Robert Smith: You Asked
He Answered
2000
Q
Robert Smith flops into an armchair in a Richmond-upon-Thames hotel.
"I love the anonymity of being Mr Smith," he chuckles. "If I
book a hotel it's actually very funny. It's very nice to be a genuine Mr
Smith."
The Cure singer talks fast, but moves sluggishly. His hair is leonine
and heavily lacquered. "My wife prefers me with long hair so I keep it
long. I get more aggressive and abrasive when I have short hair."

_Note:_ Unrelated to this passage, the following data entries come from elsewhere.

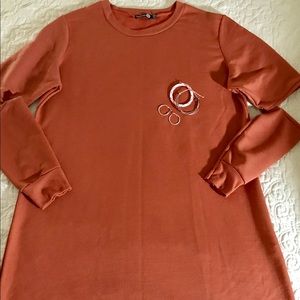 Boohoo plus tunic, PuraVida, sashka co bracelets.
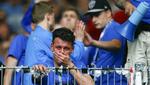 GYSER. Hvis Hamburger SV i dag ikke besejrer Schalke 04, er klubben og dens bekymrede fans ude af Bundesligaen for første gang nogen sinde. 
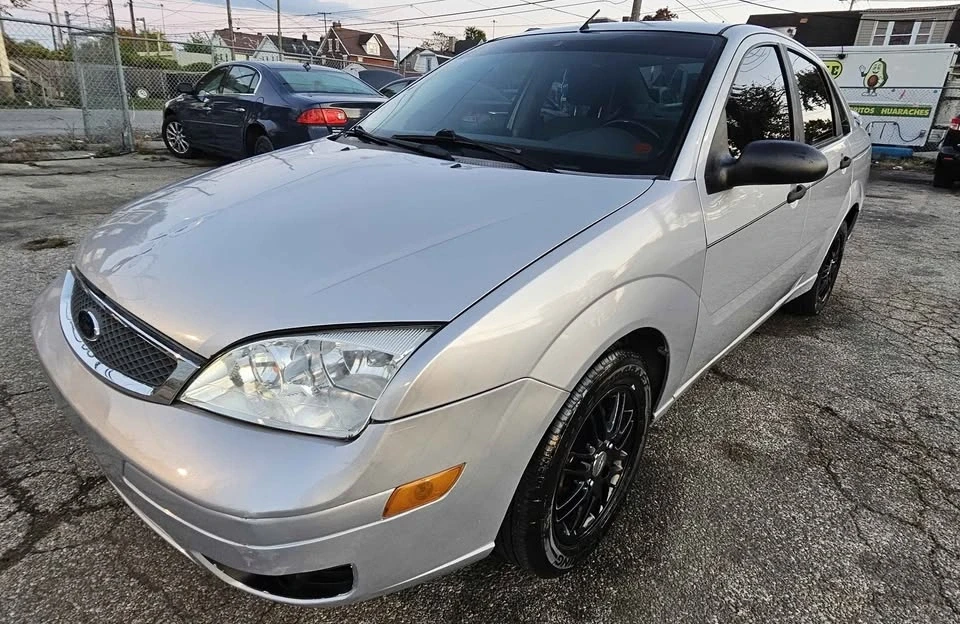 2005 Ford Focus 1st Gen - Image 2 of 18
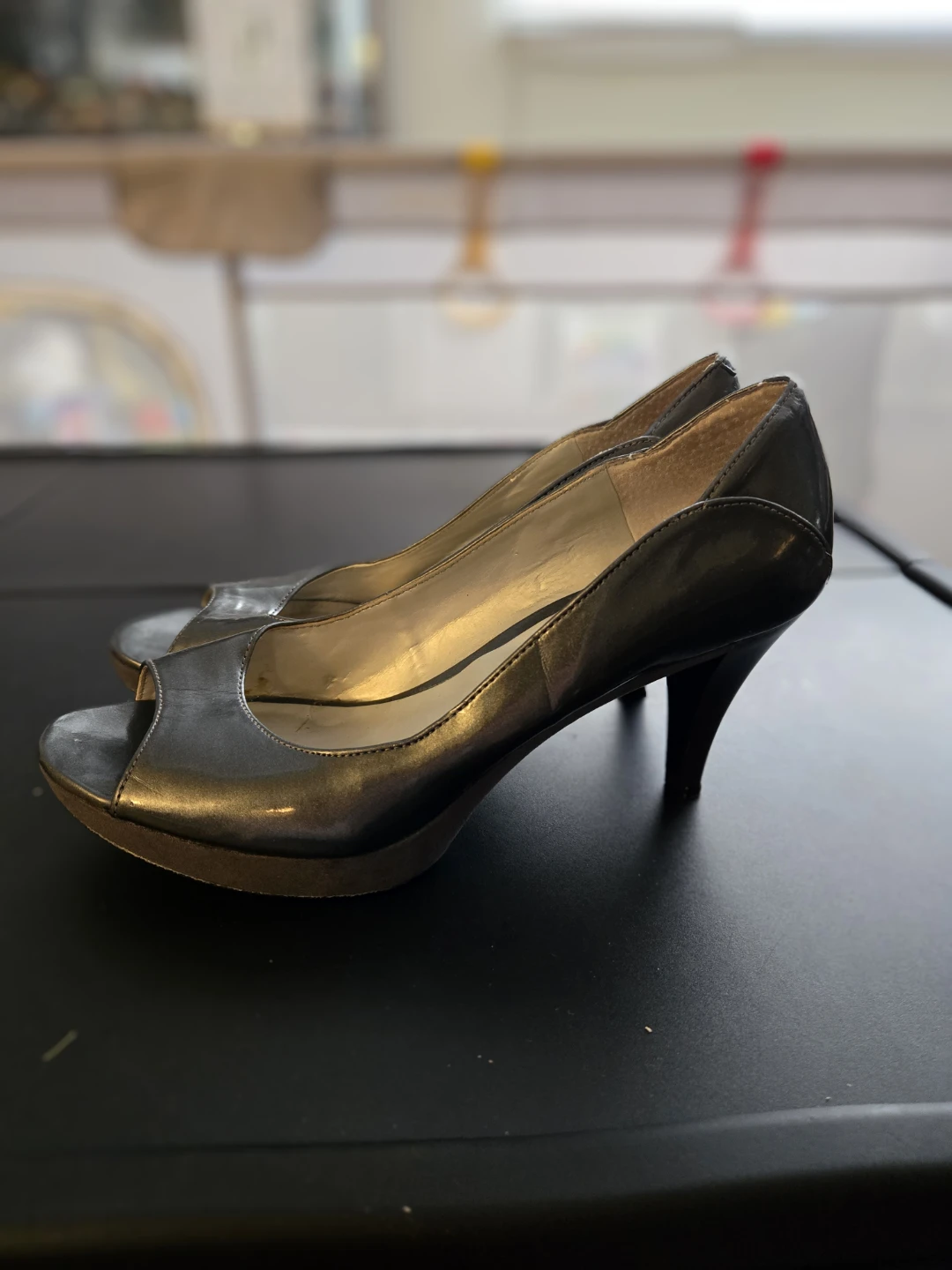 Nine West Silver Heels, Size 10 - photo 2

Smith has reapplied (badly, of course) his make-up and is ready to face
his public after a lengthy absence. Since he and Q last spoke, his cartoon
incarnation (in the guise of a giant moth, of course) has rescued the town of
South Park from a marauding, Godzilla-sized Barbra Streisand, and he has
duetted with David Bowie at the latter's 50th Birthday Party in Madison Square
Garden.
The occasion of his resurrection is an oppressive, abstract,
"autobiographical" album called Bloodflowers. Bloodflowers is a grim
visit to the territory of 1989's Disintegration LP following the
restless experimentation of 1996's Wild Mood Swings and the
joy-by-numbers of their biggest-selling LP, Wish (a US Number 2 album
behind Def Leppard's Adrenalize eight years ago).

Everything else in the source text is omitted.